The stress of nursing the terminally ill is one of the themes of a new play about two teenagers who meet in a hospice.
The play, co-authored by retired consultant obstetrician and gynaecologist Chris Naylor and company director Joanna Way, discusses the realities of caring for terminally ill teenagers trying to cope with mortality.
“The stress of nursing was all too evident when my husband was in hospital”
The play, called See Me for Myself, follows the story of Stephen and Sally, two teenagers who must learn about love and life while coming to terms with their illnesses. It will run from 3 October to 27 October 2018 at the Tabard Theatre, Chiswick.
A nurse, sister Jones, is one vehicle that authors Mr Naylor, 84-year-old retired obstetrician, and Ms Way, 73-year-old company director, communicate the stress of nursing terminally ill patients.
The sister is faced with care decisions that shape the rest of the patients’ short lives, challenge her medical and nursing ethics, and lead to Sally become pregnant despite her ongoing chemotherapy treatment.
Sally’s pregnancy creates problems for the entire cast, from Sally’s parents to her doctors.
Meanwhile, the character Ms Baxter, a consultant gynaecologist, is faced with this complication when she must care for Sally and her baby despite Sally’s cancer.

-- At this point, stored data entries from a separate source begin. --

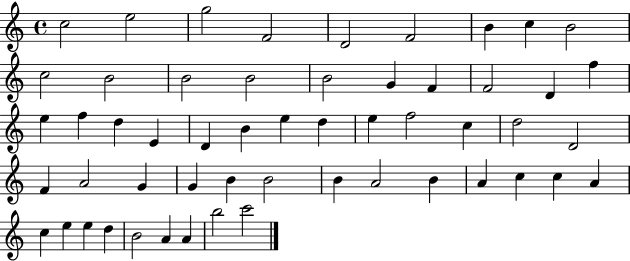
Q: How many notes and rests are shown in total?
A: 54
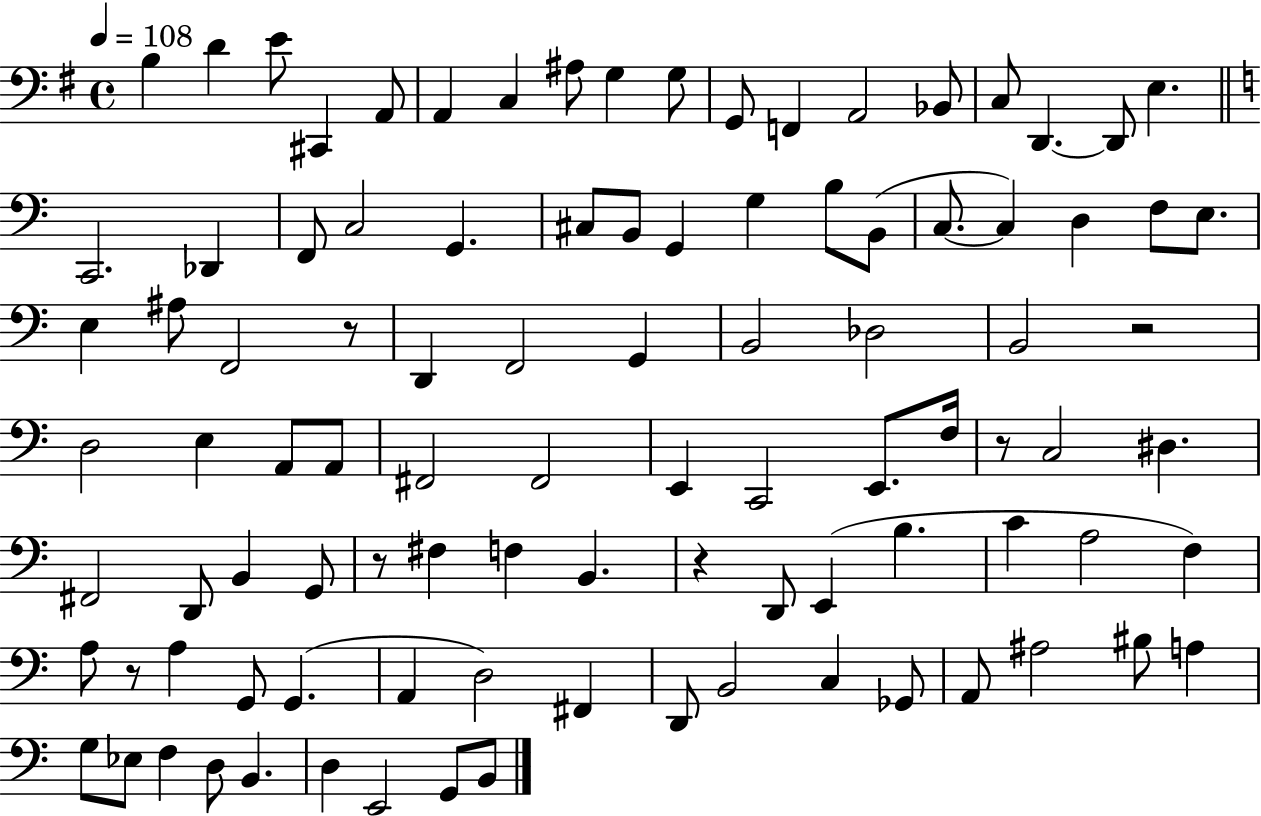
{
  \clef bass
  \time 4/4
  \defaultTimeSignature
  \key g \major
  \tempo 4 = 108
  \repeat volta 2 { b4 d'4 e'8 cis,4 a,8 | a,4 c4 ais8 g4 g8 | g,8 f,4 a,2 bes,8 | c8 d,4.~~ d,8 e4. | \break \bar "||" \break \key c \major c,2. des,4 | f,8 c2 g,4. | cis8 b,8 g,4 g4 b8 b,8( | c8.~~ c4) d4 f8 e8. | \break e4 ais8 f,2 r8 | d,4 f,2 g,4 | b,2 des2 | b,2 r2 | \break d2 e4 a,8 a,8 | fis,2 fis,2 | e,4 c,2 e,8. f16 | r8 c2 dis4. | \break fis,2 d,8 b,4 g,8 | r8 fis4 f4 b,4. | r4 d,8 e,4( b4. | c'4 a2 f4) | \break a8 r8 a4 g,8 g,4.( | a,4 d2) fis,4 | d,8 b,2 c4 ges,8 | a,8 ais2 bis8 a4 | \break g8 ees8 f4 d8 b,4. | d4 e,2 g,8 b,8 | } \bar "|."
}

The writers said their close connections to the nursing world was reflected in their first play. Mr Naylor worked as an obstetrician and gynaecologist and Ms Way spent much of her time caring for her husband, who had terminal lung cancer, until he passed away in 2015.
“Patients families were under a lot of stress and nurses often had to cope with this too”
Ms Way said that she attempted to write about her experiences as a journalist, but she could never bring herself to publish an article.
When she received a script from Mr Naylor, the two agreed to co-author a new play about young people with terminal illnesses.
Ms Way said: “We discussed a new plot and I got to work on the dialogue. Writing a play about a young patient with cancer gave me greater detachment.
“The stress of nursing was all too evident when my husband was in hospital,” she told Nursing Times.
“I was also aware that patients families were under a lot of stress and nurses often had to cope with this too,” she said. “A family breakdown occurs in this play.”
Their first play tackles the realities of treatment of terminal patients, shortage of teenage hospices, the stress of nursing, and medical attitudes toward pregnancy in women with cancer.
Mr Naylor said: “In co-writing this play, two passions came together in a meaningful way, my passion for theatre and my experiences of working in the NHS.
Ms Way added: “Our experience in other fields has helped us to create a play that is challenging and different. We are tackling a difficult subject, that of terminal illness in the young, but there is humour as well as pathos in this work.”
According to the co-authors, See Me for Myself will portray the pressure and pain of a nurse for the terminally ill, raising questions about care for those with cancer in the modern world.
A collection for The Teenage Cancer Trust will be taken at each performance.